-1

I'm working on a web scraper. Among the fields it scrapes there is a Description tag like this one, different for each product:

<div class="productDescription" style="overflow: hidden; display: block;">
Black Tshirt
<br>
<br>
REF.: V23T87C88EC
<br>
<br>
COMPOSIÇÃO:
<br>
90% Poliamida
</div>

I can get the content of the description tag without problems, but I also need to get the value of REF inside the description (V23T87C88EC for this example).
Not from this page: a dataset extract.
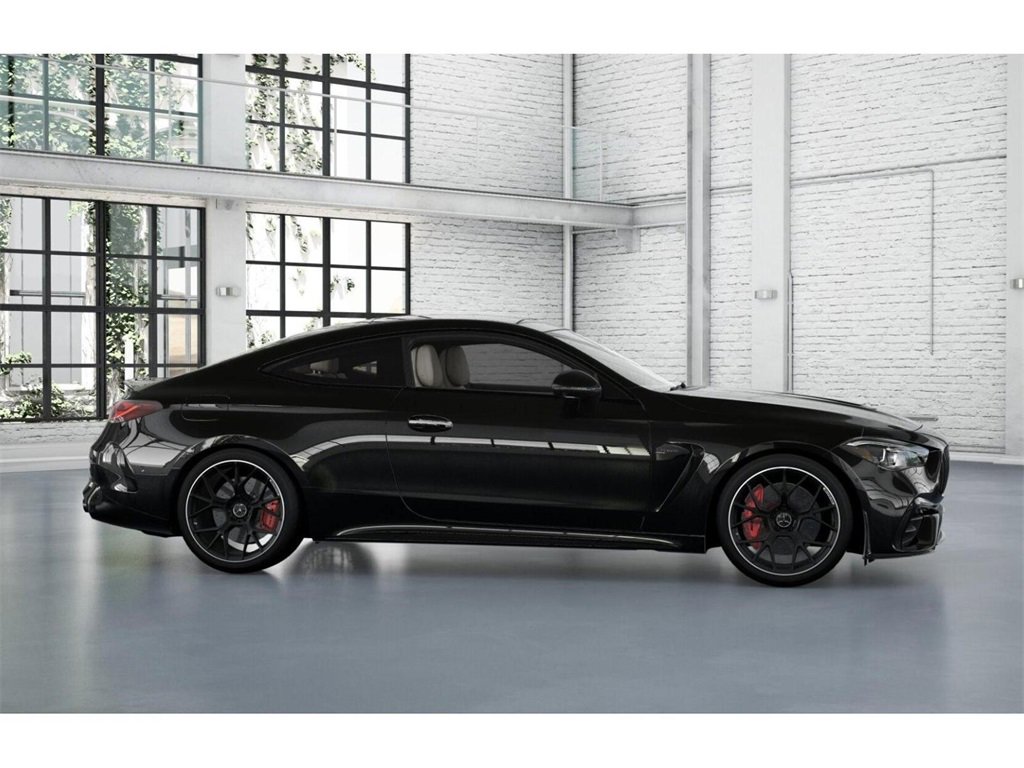 New 2026 Mercedes-Benz CLE 53 AMG 4MATIC Coupe image 15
The problem is this description is always different for all products, HOWEVER there is ALWAYS a "REF.: XXXXXXXXX" substring in there. The length of the REF id can change, and it can be anywhere in the string. What's the best way to always get the REF id?

Alain
  • 339
  • 3
  • 19

2 Answers2

1

Possible solution is the following:

html = """<div class="productDescription" style="overflow: hidden;  
display: block;">
Black Tshirt
<br>
<br>
REF.: V23T87C88EC
<br>
<br>
COMPOSIÇÃO:
<br>
90% Poliamida
</div>"""

import re

pattern = re.compile(r'REF\.: (.+?)$')

found = pattern.findall(html)

Returns ['V23T87C88EC']

REGEX DEMO

gremur
  • 1,645
  • 2
  • 7
  • 20
1

You can do this with a regex (read more about regex: https://docs.python.org/3/howto/regex.html) :

html = '''
<div class="productDescription" style="overflow: hidden; display: block;">
Black Tshirt
<br>
<br>
REF.: V23T87C88EC
<br>
<br>
COMPOSIÇÃO:
<br>
90% Poliamida
</div>
'''

import re

myref = re.search (r"(?<=REF.: )\w+", html)[0]

print(myref)

# V23T87C88EC
Swifty
  • 2,630
  • 2
  • 3
  • 21